§ **WORK INSTRUCTIONS**
Return the stretch from the line with "CALIPESSA Womens Summer" through the line with "Vintage 1998 Chicago" in the data below, character for character, skipping all pictures.

━━━ WORKING DATA

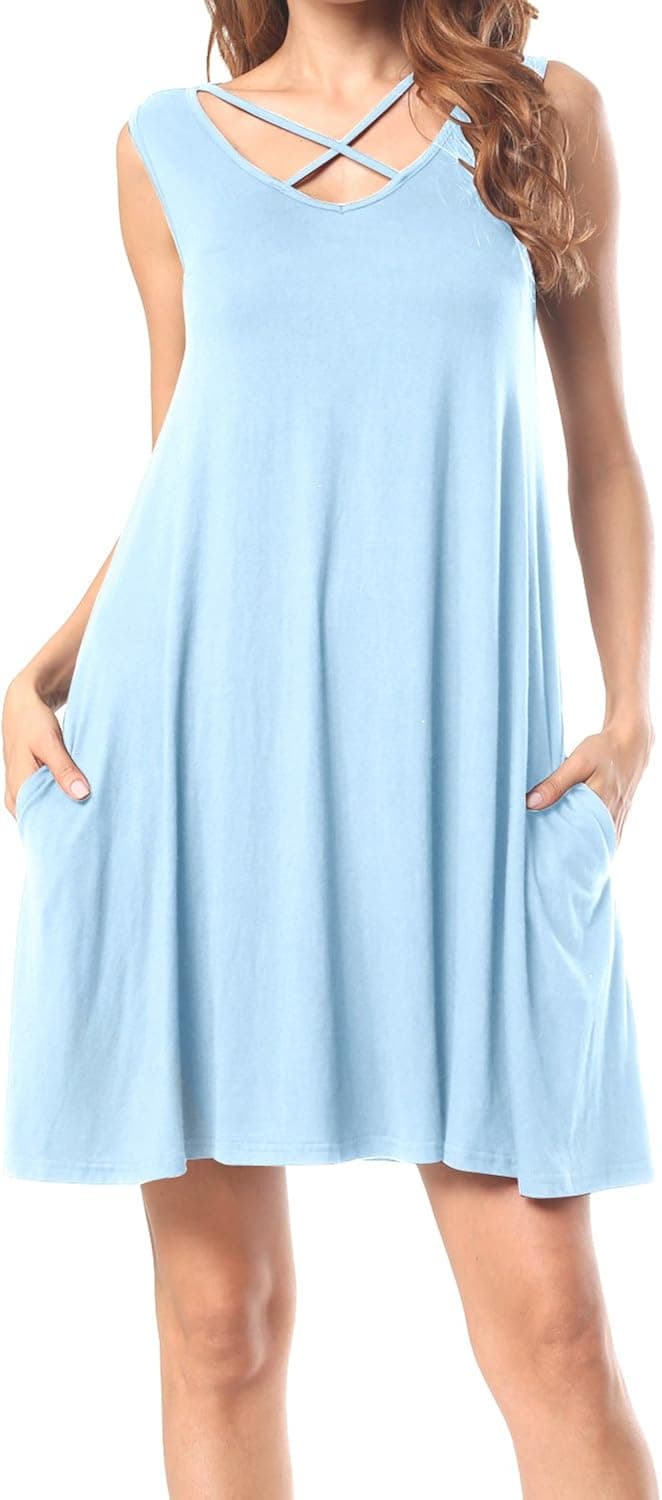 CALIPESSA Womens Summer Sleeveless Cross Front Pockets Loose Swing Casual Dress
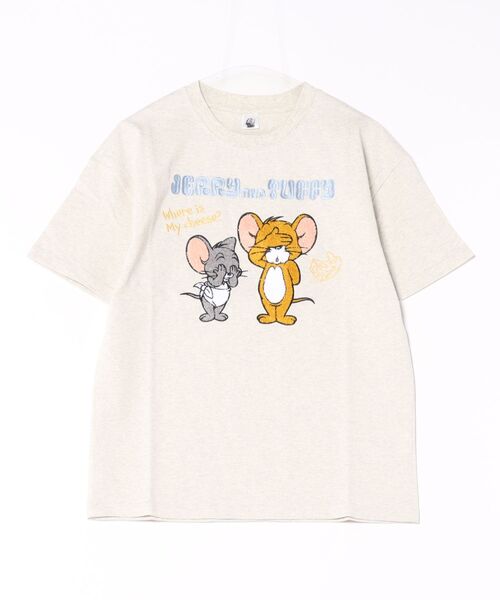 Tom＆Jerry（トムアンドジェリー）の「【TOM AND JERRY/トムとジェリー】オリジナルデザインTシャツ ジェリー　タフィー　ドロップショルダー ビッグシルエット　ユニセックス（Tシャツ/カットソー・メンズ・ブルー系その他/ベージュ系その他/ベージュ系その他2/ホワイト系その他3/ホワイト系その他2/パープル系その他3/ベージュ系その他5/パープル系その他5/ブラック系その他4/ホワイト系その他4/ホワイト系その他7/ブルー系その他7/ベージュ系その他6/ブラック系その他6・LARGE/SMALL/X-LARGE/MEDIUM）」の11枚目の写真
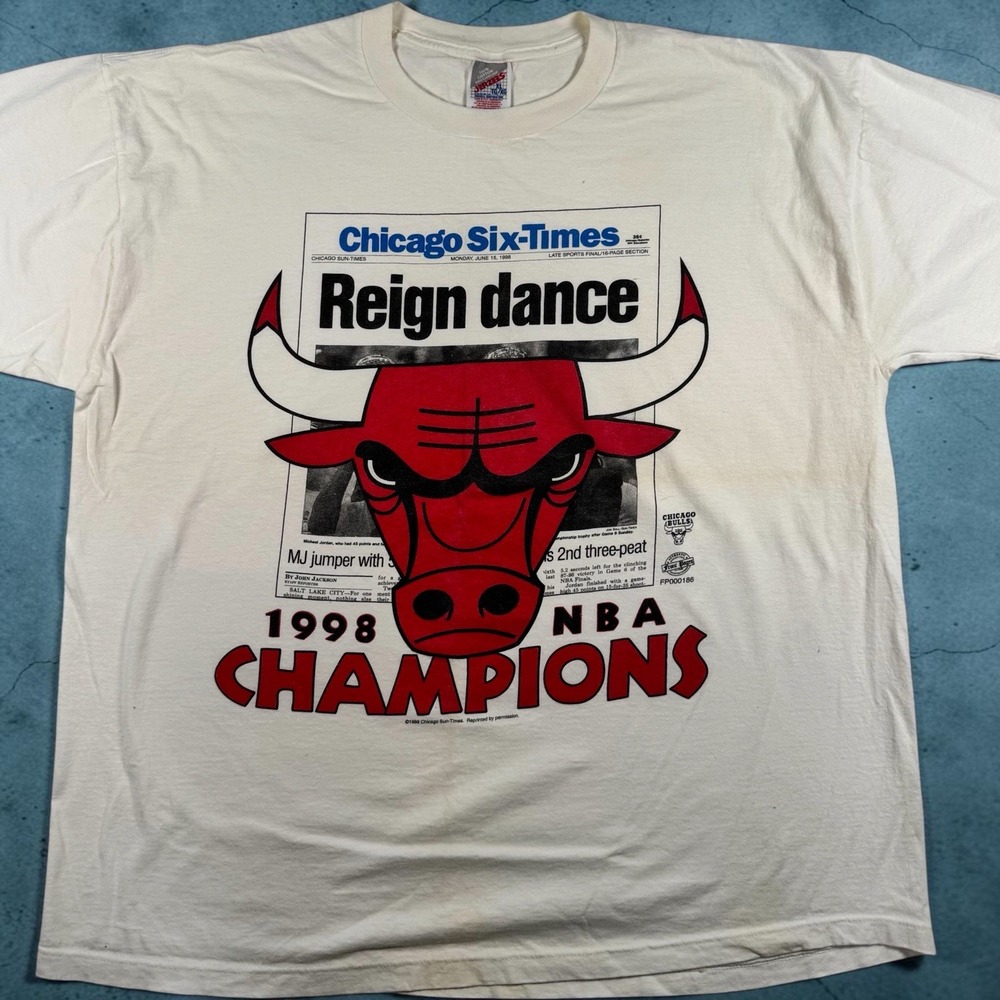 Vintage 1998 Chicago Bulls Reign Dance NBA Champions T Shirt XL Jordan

━━━━━━
━━━ WORKING DATA

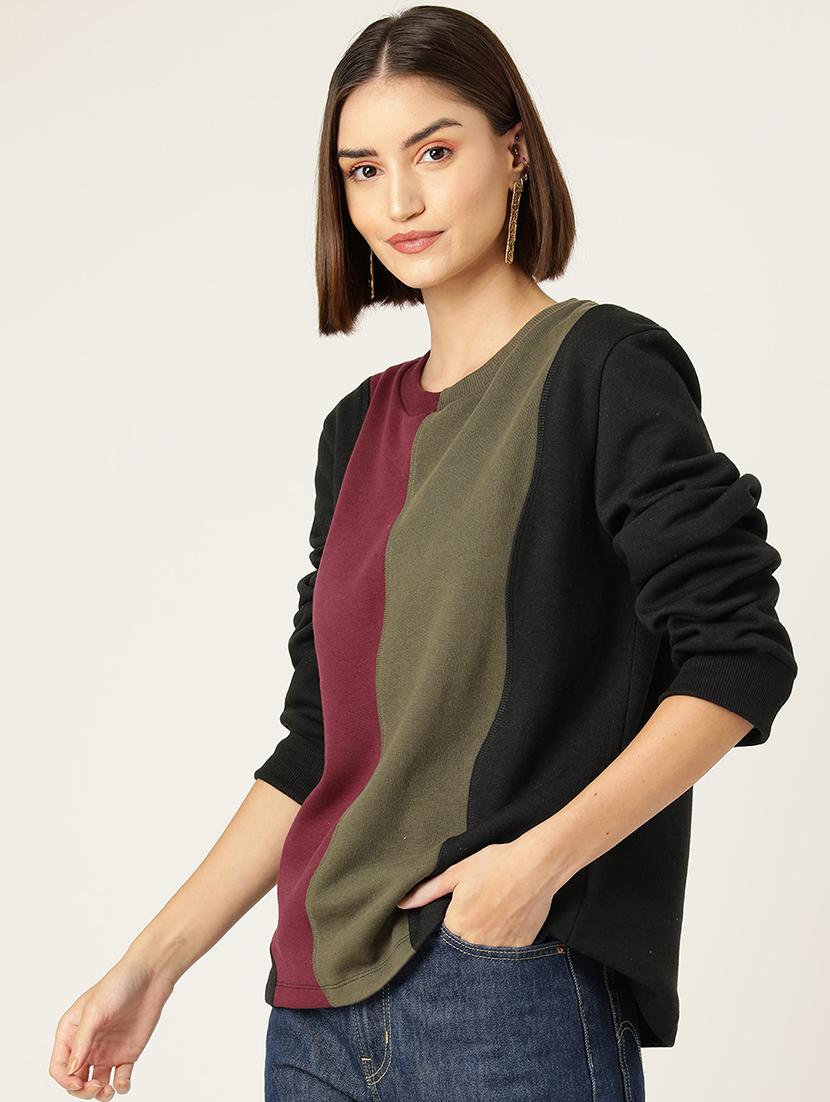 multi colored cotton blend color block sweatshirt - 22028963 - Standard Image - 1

━━━━━━
━━━ WORKING DATA

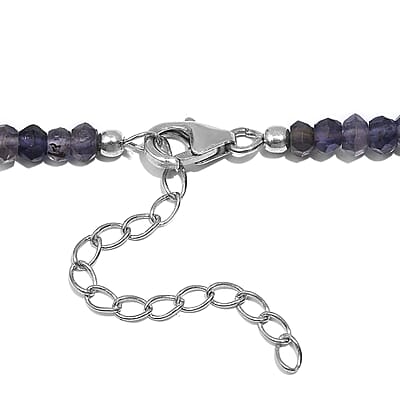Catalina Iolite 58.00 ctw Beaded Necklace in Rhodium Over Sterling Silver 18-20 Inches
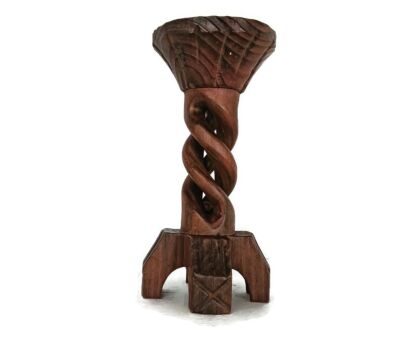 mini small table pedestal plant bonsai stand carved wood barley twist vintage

━━━━━━

§ **SOLVED PROBLEM**
 CALIPESSA Womens Summer Sleeveless Cross Front Pockets Loose Swing Casual Dress
 Tom＆Jerry（トムアンドジェリー）の「【TOM AND JERRY/トムとジェリー】オリジナルデザインTシャツ ジェリー　タフィー　ドロップショルダー ビッグシルエット　ユニセックス（Tシャツ/カットソー・メンズ・ブルー系その他/ベージュ系その他/ベージュ系その他2/ホワイト系その他3/ホワイト系その他2/パープル系その他3/ベージュ系その他5/パープル系その他5/ブラック系その他4/ホワイト系その他4/ホワイト系その他7/ブルー系その他7/ベージュ系その他6/ブラック系その他6・LARGE/SMALL/X-LARGE/MEDIUM）」の11枚目の写真
 Vintage 1998 Chicago Bulls Reign Dance NBA Champions T Shirt XL Jordan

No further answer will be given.